Sugar metabolites become new molecules for histone modification and regulate gene transcription

Sugar metabolites become new molecules for histone modification and regulate gene transcription.   Nucleic Acids Research: New discovery! Sugar metabolites become new molecules for histone modification and regulate gene transcription.

Metabolism is necessary for organisms to grow and reproduce, maintain their structure, and respond to the external environment. However, metabolites are rarely reported as epigenetic modification molecules.

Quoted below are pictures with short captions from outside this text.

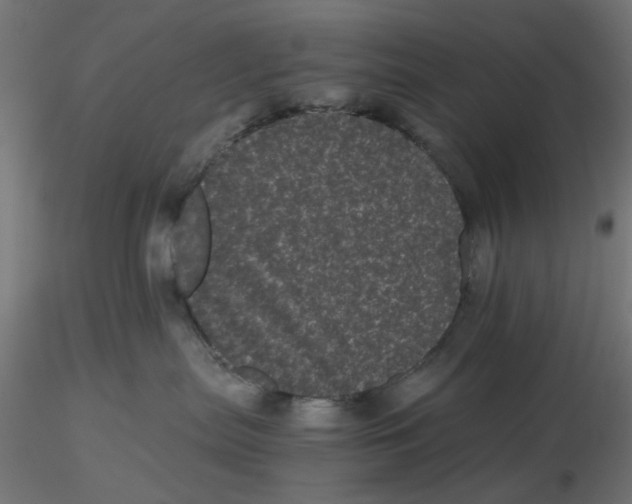 X0000116760287201001071202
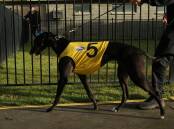 Greyhound Racing NSW says the industry recorded its "lowest ever track mortality rate" in 2023-24. Picture by Max Mason-Hubers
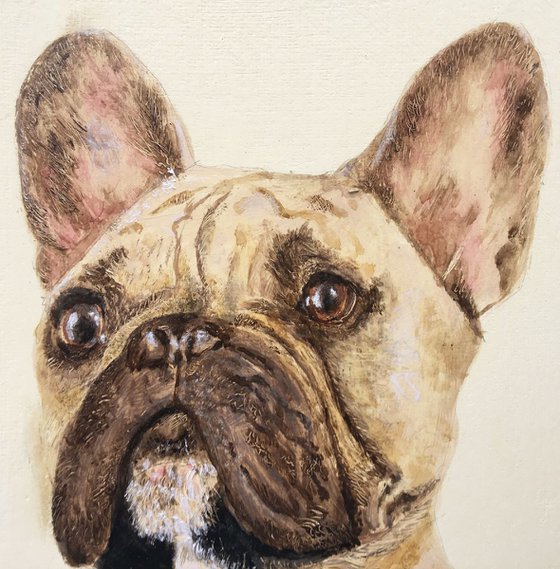 French Bulldog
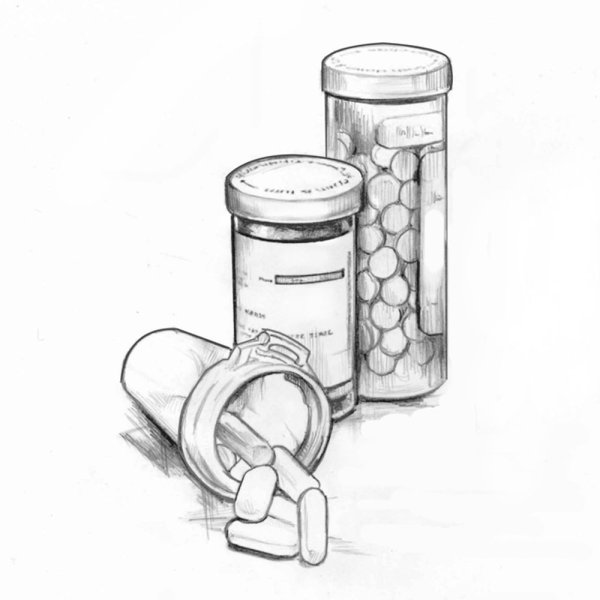 Поэтапное рисование насекомых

In animals and humans, the glycolysis product methylglyoxal (methylglyoxal, MG) is closely related to the occurrence of many diseases including diabetes and its complications, heart disease, hypertension, rheumatism, etc. Normal mice will have symptoms similar to diabetic complications after being fed MG for seven weeks, indicating that MG is an important molecule that causes diabetic complications.

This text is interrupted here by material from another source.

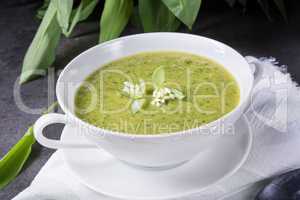 green wild garlic soup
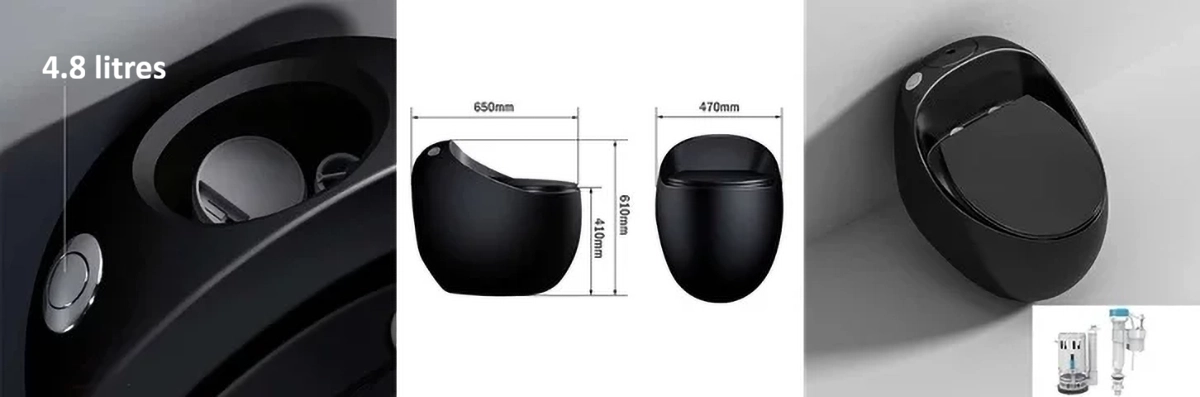 WC monobloc noir sans bride design moderne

Clinical studies have shown that the MG concentration in the blood of patients with type I diabetes and type II diabetes is 5.9 and 3.6 times that of normal people, respectively, and the MG content in the cells of diabetic patients is also significantly higher than that of normal cells. In addition, overexpression of the glyoxalase I (GLO1) gene in diabetic mice can reduce the symptoms of diabetes and its complications; conversely, the absence of GLO1 can exacerbate the symptoms of diabetes and its complications.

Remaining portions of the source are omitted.